A new study can’t prove cause and effect, but raises some interesting patterns. With the Super Bowl coming up, Steelers fans should take notice.

The hearts of Steelers fans are on winning the Super Bowl and for good reason.

A study in the journal Clinical Cardiology says heart attack deaths are higher when the home team loses.

It’s something this cardiologist has seen in lieu of the Super Bowl.

“I was treating a patient who had come in with an acute coronary syndrome who was intensely involved in the routing for the outcome for his team,” says Dr. John Schindler, a cardiologist at UPMC.

The study is based on data from Los Angeles after the 1980 loss to the Steelers and then the 1984 win against the Washington Redskins.

Heart-related deaths are 22 percent higher for people over 65 on Super Bowl loss days compared to non-Super Bowl days and 27 percent higher for women. On Super Bowl win days, there’s a lower number of heart-related deaths in those over 65 and among all women.
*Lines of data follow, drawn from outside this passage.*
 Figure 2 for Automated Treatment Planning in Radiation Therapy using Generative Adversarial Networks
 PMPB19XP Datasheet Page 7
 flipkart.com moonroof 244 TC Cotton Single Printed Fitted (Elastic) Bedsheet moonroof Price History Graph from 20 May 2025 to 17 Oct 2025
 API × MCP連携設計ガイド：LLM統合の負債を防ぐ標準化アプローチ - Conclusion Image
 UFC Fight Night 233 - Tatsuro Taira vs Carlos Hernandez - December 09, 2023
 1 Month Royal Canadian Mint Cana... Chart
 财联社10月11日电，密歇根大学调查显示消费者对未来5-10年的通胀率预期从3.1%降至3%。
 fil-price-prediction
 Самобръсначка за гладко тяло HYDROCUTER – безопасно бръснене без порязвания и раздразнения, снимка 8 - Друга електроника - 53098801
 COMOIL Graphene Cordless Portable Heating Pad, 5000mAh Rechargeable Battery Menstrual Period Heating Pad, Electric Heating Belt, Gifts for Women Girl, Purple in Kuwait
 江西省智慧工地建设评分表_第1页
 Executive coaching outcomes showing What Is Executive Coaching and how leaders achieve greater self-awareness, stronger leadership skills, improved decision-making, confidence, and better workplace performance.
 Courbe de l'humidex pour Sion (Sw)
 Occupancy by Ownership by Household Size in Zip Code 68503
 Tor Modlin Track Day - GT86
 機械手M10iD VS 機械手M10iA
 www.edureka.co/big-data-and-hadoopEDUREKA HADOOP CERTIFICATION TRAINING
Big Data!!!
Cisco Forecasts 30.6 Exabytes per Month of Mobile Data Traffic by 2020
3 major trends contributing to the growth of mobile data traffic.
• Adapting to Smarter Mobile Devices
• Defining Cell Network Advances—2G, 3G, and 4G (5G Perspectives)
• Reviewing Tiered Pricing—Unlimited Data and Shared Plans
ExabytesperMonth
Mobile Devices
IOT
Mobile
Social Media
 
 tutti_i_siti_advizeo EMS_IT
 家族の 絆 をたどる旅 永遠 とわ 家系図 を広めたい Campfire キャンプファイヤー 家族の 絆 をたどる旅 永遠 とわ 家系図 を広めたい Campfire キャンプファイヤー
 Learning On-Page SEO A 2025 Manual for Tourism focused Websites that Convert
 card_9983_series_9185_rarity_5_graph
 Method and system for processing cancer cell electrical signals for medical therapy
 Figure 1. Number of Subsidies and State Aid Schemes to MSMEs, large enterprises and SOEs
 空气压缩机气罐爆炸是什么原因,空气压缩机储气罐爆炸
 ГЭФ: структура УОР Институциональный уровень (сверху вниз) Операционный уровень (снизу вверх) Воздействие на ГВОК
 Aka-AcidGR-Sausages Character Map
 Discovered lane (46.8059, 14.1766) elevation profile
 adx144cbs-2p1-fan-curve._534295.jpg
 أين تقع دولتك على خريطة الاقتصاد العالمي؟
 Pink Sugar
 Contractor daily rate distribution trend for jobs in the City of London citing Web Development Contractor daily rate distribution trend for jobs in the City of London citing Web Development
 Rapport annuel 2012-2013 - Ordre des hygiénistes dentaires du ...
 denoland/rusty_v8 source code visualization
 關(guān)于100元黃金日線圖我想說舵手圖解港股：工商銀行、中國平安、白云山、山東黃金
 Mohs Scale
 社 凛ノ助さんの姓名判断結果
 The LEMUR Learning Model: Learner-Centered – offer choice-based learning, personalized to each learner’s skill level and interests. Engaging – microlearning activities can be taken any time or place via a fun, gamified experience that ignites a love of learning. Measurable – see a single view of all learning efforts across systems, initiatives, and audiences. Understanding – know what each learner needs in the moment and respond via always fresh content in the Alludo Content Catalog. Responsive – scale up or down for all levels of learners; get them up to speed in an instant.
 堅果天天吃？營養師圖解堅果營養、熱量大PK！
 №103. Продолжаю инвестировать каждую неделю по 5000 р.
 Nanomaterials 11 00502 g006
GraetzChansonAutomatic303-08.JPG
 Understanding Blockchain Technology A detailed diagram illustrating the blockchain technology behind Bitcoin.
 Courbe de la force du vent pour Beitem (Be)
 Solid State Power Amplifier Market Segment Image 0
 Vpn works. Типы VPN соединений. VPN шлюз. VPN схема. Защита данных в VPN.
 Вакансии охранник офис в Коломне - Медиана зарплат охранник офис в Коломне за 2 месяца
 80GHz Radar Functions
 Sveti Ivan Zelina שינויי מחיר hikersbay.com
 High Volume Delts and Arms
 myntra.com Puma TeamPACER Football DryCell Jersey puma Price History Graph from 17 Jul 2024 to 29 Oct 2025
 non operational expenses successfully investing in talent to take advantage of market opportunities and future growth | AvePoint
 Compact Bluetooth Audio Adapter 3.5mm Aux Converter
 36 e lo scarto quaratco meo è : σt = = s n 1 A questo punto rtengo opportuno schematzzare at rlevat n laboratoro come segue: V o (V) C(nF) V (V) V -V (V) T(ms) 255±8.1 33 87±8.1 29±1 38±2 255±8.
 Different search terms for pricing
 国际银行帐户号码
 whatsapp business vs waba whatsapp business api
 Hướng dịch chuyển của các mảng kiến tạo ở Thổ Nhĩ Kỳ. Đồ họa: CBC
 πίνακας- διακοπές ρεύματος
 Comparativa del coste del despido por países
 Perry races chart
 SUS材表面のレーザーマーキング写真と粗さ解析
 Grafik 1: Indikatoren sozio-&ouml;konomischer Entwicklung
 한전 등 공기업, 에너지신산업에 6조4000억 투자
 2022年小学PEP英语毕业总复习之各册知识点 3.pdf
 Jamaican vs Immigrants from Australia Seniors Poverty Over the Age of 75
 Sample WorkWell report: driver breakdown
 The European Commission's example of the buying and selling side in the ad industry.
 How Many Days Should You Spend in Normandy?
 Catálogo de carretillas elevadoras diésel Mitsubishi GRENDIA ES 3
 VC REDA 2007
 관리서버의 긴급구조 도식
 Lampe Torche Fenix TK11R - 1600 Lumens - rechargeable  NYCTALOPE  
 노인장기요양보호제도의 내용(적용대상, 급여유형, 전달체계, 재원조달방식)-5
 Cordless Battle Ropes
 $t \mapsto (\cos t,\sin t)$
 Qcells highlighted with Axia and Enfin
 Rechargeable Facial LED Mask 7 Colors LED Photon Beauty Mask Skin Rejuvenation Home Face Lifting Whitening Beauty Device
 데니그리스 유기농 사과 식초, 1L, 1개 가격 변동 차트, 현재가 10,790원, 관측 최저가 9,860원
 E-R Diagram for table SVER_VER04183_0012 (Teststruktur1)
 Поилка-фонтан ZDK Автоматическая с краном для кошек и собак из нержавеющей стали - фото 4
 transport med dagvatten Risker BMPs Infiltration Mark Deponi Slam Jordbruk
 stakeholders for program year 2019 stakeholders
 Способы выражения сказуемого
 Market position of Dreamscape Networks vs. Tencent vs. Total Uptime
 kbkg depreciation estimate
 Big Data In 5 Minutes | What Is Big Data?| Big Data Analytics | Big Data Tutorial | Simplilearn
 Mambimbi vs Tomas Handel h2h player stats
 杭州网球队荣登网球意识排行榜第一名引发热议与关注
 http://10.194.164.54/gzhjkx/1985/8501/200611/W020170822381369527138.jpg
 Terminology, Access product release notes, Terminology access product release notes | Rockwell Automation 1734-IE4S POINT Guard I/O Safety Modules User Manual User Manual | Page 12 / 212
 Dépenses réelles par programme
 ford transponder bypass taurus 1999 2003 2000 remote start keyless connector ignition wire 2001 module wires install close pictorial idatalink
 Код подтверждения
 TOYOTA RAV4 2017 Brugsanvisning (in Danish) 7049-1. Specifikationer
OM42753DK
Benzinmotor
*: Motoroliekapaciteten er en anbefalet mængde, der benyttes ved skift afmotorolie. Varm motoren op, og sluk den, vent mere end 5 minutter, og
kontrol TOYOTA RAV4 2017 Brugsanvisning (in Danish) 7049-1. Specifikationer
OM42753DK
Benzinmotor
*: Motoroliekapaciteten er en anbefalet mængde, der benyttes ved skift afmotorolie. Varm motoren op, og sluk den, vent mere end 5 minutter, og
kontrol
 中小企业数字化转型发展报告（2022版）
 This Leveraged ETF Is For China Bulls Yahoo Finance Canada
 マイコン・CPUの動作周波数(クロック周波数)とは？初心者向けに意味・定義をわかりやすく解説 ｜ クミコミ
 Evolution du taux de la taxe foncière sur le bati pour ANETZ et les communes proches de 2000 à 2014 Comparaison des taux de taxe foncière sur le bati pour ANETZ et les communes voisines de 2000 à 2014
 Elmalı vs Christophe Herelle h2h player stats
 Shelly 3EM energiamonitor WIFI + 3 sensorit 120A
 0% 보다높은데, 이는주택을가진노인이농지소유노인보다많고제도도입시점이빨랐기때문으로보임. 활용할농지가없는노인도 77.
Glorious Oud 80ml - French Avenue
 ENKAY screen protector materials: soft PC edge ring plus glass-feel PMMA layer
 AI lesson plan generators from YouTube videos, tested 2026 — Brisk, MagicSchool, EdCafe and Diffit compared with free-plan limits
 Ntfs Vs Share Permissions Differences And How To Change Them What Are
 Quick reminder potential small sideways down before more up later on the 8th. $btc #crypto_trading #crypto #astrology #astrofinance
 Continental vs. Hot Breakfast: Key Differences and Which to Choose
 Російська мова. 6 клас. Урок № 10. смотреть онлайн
“People tend to be a little more lax with respect to their adherence to dietary measures, they tend to potentially engage in other behaviors which are not necessarily healthy from a cardiovascular standpoint,” Dr. Schindler surmises.

Not such a far-fetched scenario, if you ask this man, who had a cardiac event at this bar after watching a Jerome Bettis fumble in 2006.

“That was such a climactic moment, I just couldn’t handle it. And I felt a little thump, thump, thump, and I thought, ‘What is that?’ And that’s all I remember, and I just slid to the floor,” says Terry O’Neill.

“Earlier in the game they were carrying on, yelling and screaming. Somebody had knocked him over early in the game, and I thought they were just horsing around again, but not this time. He was down and out,” says Dave Grady, a fireman from Carrick.

“You really need to avoid an emotional investment in the game,” cautions Dr. Schindler. “Watch the game with friends, take it easy, don’t sit in your basement, isolate yourself and scream at the television.”

Earlier studies have looked at World Cup soccer games, earthquakes and other emotionally charged events. But those focused on men. This is the first showing women being especially affected. Something to take note of around here since a sports marketing survey says Allegheny County has the highest percentage of female NFL fans in the country.